Image Credit: The Guardian
The University of Ibadan, University of Lagos and University of Abuja, amongst other major federal universities have partially complied to the directive of the Federal government on the mandatory disclosure of key institutional data.
The Federal Government recently ordered the mandatory disclosure of key institutional data on websites. Some of these key data includes yearly budgetary allocation, research grants, revenue of the previous year and current year allocation from the Tertiary Education Trust Fund (TETFund), etc.
Others are the endowment fund of the previous year and the total student population.
This directive was given by Dr Tunji Alausa , the Minister of Education and he directed that Universities should submit these information on or before the 31st of May, 2025.
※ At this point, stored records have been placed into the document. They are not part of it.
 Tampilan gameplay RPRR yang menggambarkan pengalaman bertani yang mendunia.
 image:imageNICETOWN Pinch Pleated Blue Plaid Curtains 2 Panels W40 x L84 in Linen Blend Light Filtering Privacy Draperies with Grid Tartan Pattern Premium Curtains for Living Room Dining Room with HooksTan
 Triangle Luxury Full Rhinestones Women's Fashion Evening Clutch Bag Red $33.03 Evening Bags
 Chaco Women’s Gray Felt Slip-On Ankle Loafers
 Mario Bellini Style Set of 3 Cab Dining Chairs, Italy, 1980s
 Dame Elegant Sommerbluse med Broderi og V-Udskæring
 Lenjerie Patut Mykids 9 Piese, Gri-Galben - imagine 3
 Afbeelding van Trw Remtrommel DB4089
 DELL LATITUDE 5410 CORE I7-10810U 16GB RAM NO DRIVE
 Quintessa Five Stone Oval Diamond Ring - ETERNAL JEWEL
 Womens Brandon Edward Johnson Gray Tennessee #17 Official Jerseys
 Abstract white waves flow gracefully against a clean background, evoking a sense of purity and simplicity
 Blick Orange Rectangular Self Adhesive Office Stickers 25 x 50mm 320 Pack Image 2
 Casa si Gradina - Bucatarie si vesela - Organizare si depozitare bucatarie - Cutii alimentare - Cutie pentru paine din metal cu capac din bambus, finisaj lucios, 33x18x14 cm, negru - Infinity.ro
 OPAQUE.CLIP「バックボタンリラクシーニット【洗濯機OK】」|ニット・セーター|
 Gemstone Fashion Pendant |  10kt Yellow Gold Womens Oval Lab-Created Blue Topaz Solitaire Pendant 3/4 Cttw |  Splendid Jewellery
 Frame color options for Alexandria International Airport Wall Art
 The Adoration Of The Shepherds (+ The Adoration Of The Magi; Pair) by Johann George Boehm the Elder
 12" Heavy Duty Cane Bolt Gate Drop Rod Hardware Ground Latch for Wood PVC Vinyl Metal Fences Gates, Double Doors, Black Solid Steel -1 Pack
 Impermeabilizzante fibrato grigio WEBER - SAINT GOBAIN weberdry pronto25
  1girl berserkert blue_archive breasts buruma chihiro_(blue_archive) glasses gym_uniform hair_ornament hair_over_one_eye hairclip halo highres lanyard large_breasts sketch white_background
This directive, according to the Guardian, “is aimed at promoting transparency and accountability in the tertiary education subsector” and the consequence for defaulting this directive will be ” risking zero funding from the federal government”.
However, it is to note that out of 71 federal universities in Nigeria, only 3 percent has fully complied with this directive, with 97 percent defaulting this directive even after the deadline.
Statistically, based on the sample given by Guardian, two institution fully complied, three substantially complied, twenty two partially complied, of which University of Ibadan is among, and there were fourteen universities with zero compliance.
It was also stated that the University of Ibadan, Ahmadu Bello University , University of Abuja and Obafemi Awolowo University, had only published students enrollment numbers, without their financial information details.